I’ve followed Robbie Fulks’ career from the get-go, but it’s only recently I’ve become comfortable with where his heart lies. The breadth of his music, plus the twists and turns he takes in the genre we shall call, for convenience sake at this point, country, make him harder to pin down than you might expect. His music ranges from full-on indie rock, through alternative country, to the real thing, completely authentic in tone, voice and instrumentation. Add to that an acerbic wit, bridge-burning musical U-turns between and during albums, an eye for the ridiculous and a stinging line in put-downs – it’s difficult to settle into Robbie Fulks’ music because he’s always prodding and poking at the way you look at life, love and relationships, and saying “Here, this is what I see with my jaundiced eye – you might like it, or you might not.” There’s always some sand in the Vaseline.

A Fulks T-shirt I have says a lot. It’s an unattractive orange colour, with an odd line drawing of his face by artist Heather McAdams, plus the slogan ‘Country is not pretty’. He’s a bit Marmite, is Robbie. But if you like Marmite …

I can’t remember how I heard about his 1996 debut album Country Love Songs: it may have been in the now defunct alternative country magazine No Depression. I was hooked from track one, which is is the first song on my list, a whiplash-smart piece of Western Swing, bemoaning the fact that Robbie’s new love interest is totally compatible with him in all respects save one. Despite the fact that listening to music is her favourite pastime, he’s “barking up the wrong tree … she liked Every Kind Of Music But Country”. So far, so funny, but as soon as Fulks senses a wry smile on your face – his lyrics always have craft and wit, whatever the mood of the song – he does his utmost to wipe it right off again.

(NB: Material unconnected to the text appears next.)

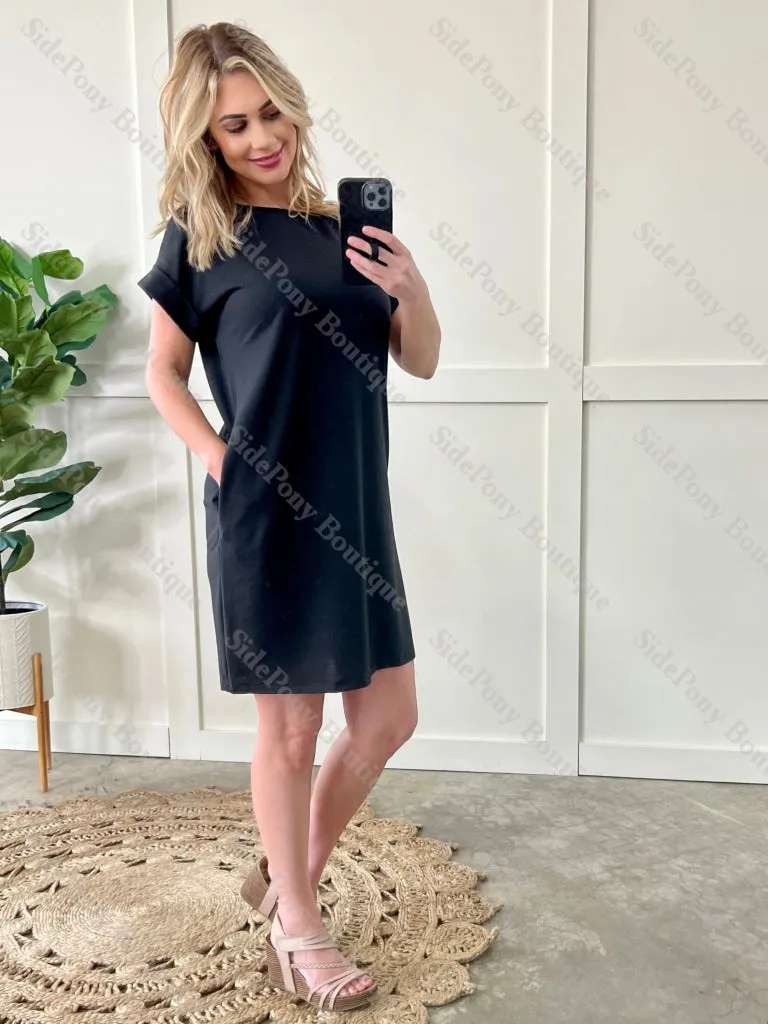 Black T-Shirt Dress With Pockets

Barely Human catalogues the day to day existence of a soon-to-be-abandoned alcoholic on a hellish ride to nowhere: this is no stereotypical country drinking tune, it’s a living nightmare. Few lyricists would go this far.

There’s a neat homage to the Bakersfield Sound of the 1950s in both the lyrics of The Buck Starts Here and the tune. Our protagonist’s wife walks out of his life: desolate, he reaches for the 45 that laid for years behind his bedside chest of drawers … but wait, folks … it’s not a gun, it’s a worn out jukebox single, and as he plays his old faithful Buck Owens record (with Hank Williams sure to follow), the song title is made clear, and it’s crying time once more. These are pin-sharp tunes with an uncommon clarity of vision.

The centrepiece of 1997’s sophomore album South Mouth is the notorious Fuck This Town, a jawdropper that Fulks uses to viciously bite the hand that isn’t feeding him, Nashville’s Music Row, awash with a relentless flood of talentless ‘hat acts’ who peddle “soft-rock feminist crap” to morons. One way to bury your career, I suppose, but he’s never been afraid of upsetting the apple cart, as we shall see. Two standouts from this record: the snarky I Told Her Lies – because it’s the only way our man can get what he wants from a relationship – is such a despicable message but even as you splutter in PC protest, you marvel at the songcraft. Later on the album, it could be the same guy who pops up again in the terrific ballad You Wouldn’t Do That To Me. The penny hasn’t quite dropped; he’s wondering who hangs up the phone when he calls his wife. Who’s the strange guy he sometimes sees with her? And finally, fatally, is this really a goodbye note?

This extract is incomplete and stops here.